La periodista Leila Guerriero retrata el caso de Labayru en La llamada (Anagrama, 2024), un libro de no ficción que reconstruye uno de los episodios más oscuros de la historia argentina a través del testimonio de Silvia, que durante el año y medio que estuvo retenida en la ESMA fue violada, torturada y forzada a fingir ser la hermana de Alfredo Astiz, militar que se infiltró en la organización Madres de Plaza de Mayo.
Con una mirada rigurosa, la periodista busca descifrar el pasado y el presente de Silvia. A través de entrevistas con familiares, amigos y excolegas de Labayru, documenta la efervescencia de la militancia, el infierno de las víctimas en la ESMA y el repudio que recibió durante el exilio, pues sus excompañeros la acusaron de traidora.
El trabajo de Guerriero se aleja de los juicios premeditados y de trazar estereotipos. La llamada es, como el buen periodismo, la oportunidad de rescatar la memoria de estos sucesos y, también, cuestionar a los propios protagonistas.
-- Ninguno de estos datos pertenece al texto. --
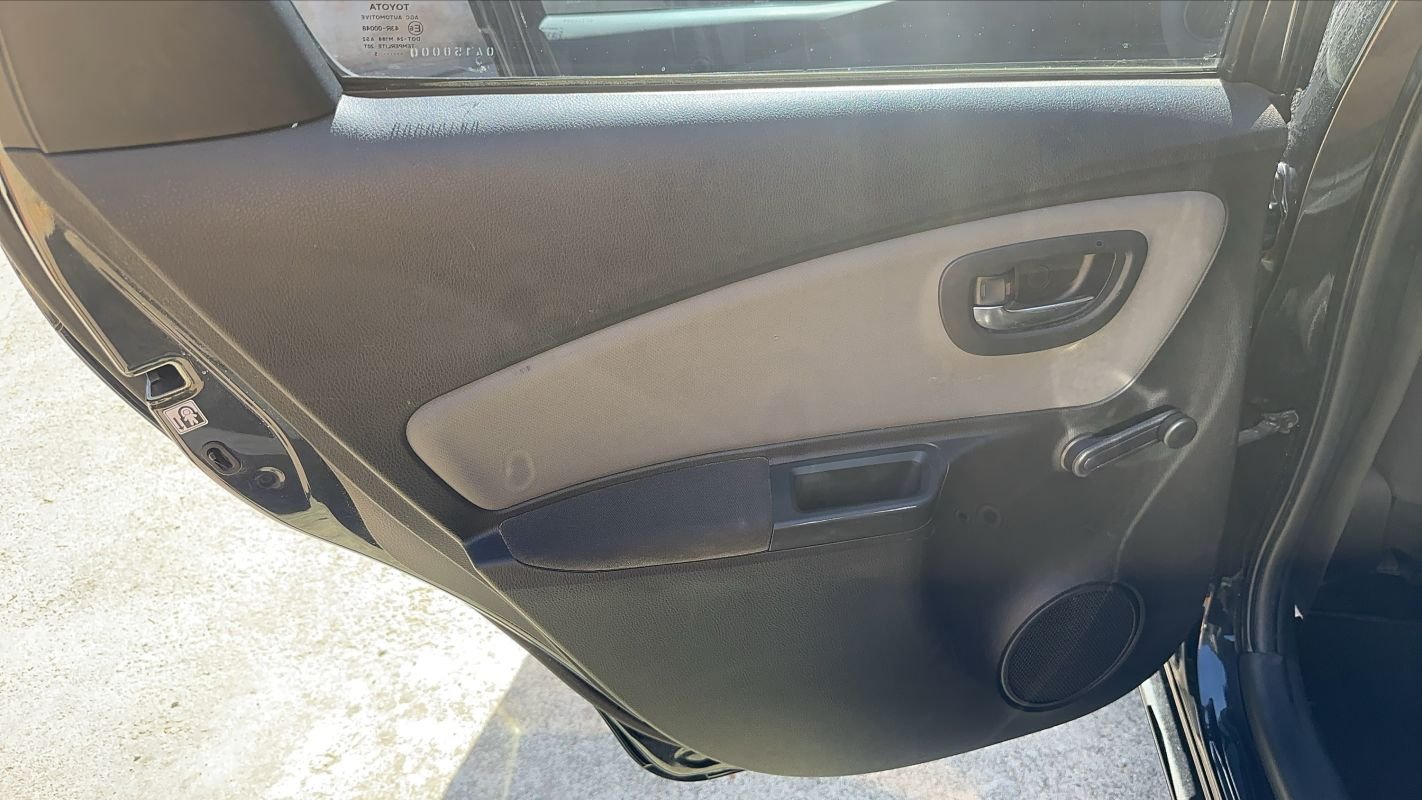 Toyota Yaris - Photo 28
No es la primera vez que los sobrevivientes de la ESMA cuentan su testimonio. ¿Por qué fue tan peculiar para ti el caso de Silvia?
El caso de Silvia tenía muchas singularidades. Era una militante muy joven de Montoneros, trabajaba en inteligencia, que no es un puesto para cualquiera; luego, el hecho de que fue secuestrada y torturada con cinco meses de embarazo. Otra peculiaridad fue que su hija, Vera, nació en la ESMA, pero no fue apropiada por los militares sino que la entregaron a sus abuelos. En general, los niños eran apropiados por los militares y criados como hijos propios, de hecho todavía las Abuelas de Plaza de Mayo están buscando nietos apropiados. Otra singularidad que tenía Silvia es que la obligaron a hacerse pasar por la hermana de (Alfredo) Astiz, que era un marino que se había infiltrado en la organización de las Madres de Plaza de Mayo, muy incipiente en ese tiempo. El marino necesitaba una historia más profunda, más verosímil: él se hacía pasar por un hermano de un desaparecido y obligaron a Silvia, que era físicamente a fin con este hombre, rubio y de ojos celestes, a hacerse pasar por hermana de Astiz. Esto terminó en uno de los hechos más amargos de la dictadura, que fue la desaparición de tres madres de Plaza de Mayo, dos monjas francesas y siete familiares de desaparecidos, que causó una repercusión internacional enorme. Cuando finalmente es liberada por los marinos, la embarcan en un avión a Madrid, ella piensa que después del año y medio que pasó secuestrada en la ESMA la pesadilla había terminado, pero se encuentra con un enorme repudio de sus excompañeros de militancia y de exiliados argentinos en España. Ese secuestro le fue arruinando muchas instancias de su vida posterior.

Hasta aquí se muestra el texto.